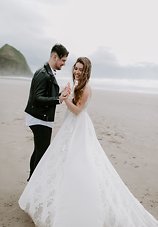 Image 17 - Bohemian Elopement with spring florals on the Oregon Coast in Bridal Fashion.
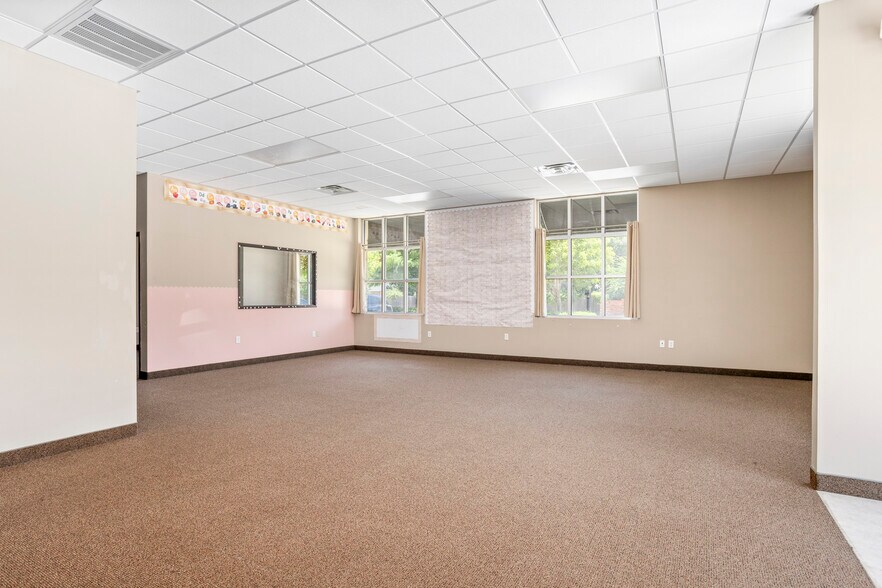 More Photos Of 2384 North Highway 287, Mansfield Office For Lease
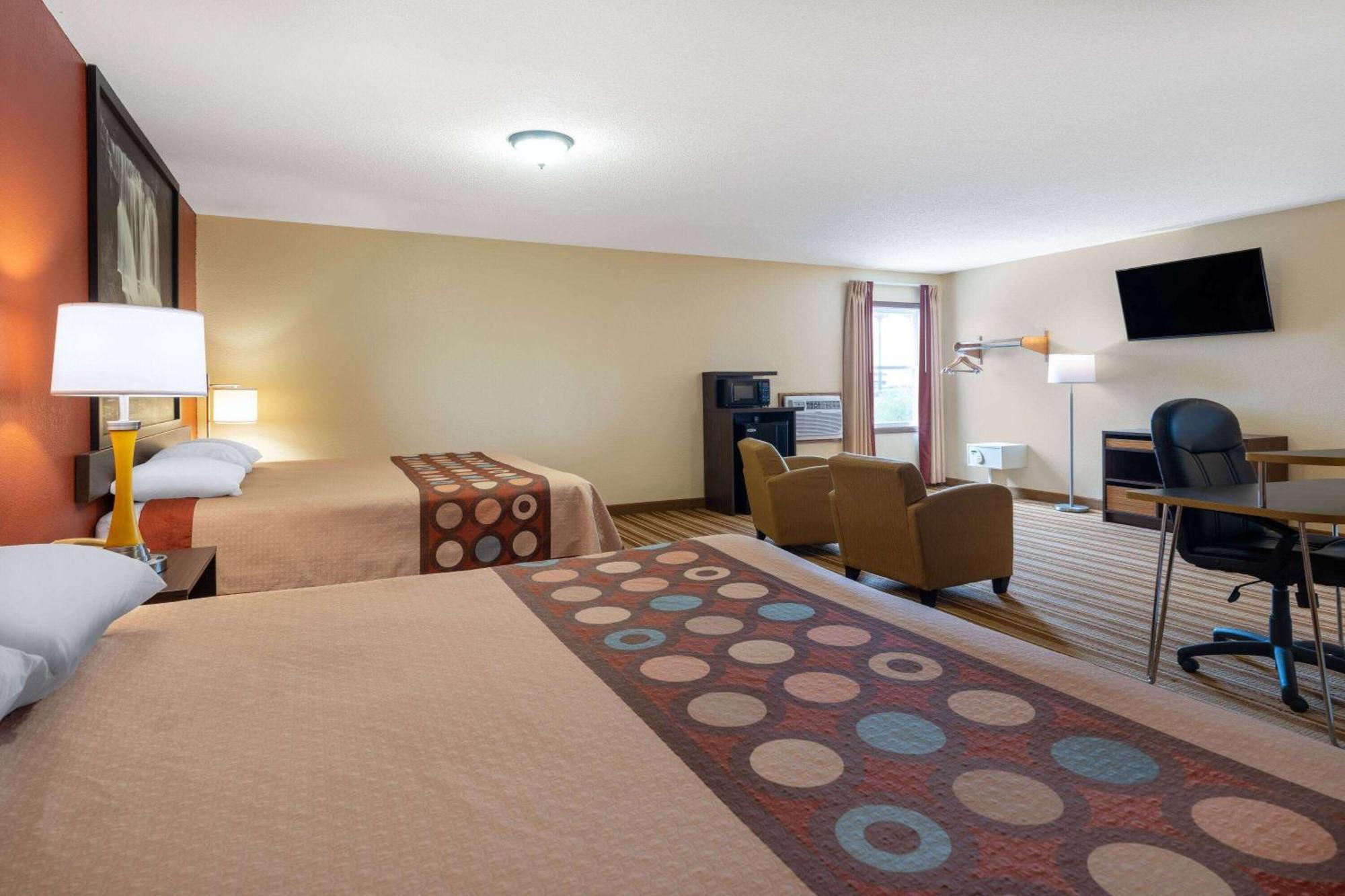 Super 8 By Wyndham Mattoon Hotel Exterior photo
▬▬▬▬▬▬▬▬▬▬
What the exercise asks: Give the listing above again in its entirety, exactly as written and free of images.

Written solution:
 Image 17 - Bohemian Elopement with spring florals on the Oregon Coast in Bridal Fashion.
 More Photos Of 2384 North Highway 287, Mansfield Office For Lease
 Super 8 By Wyndham Mattoon Hotel Exterior photo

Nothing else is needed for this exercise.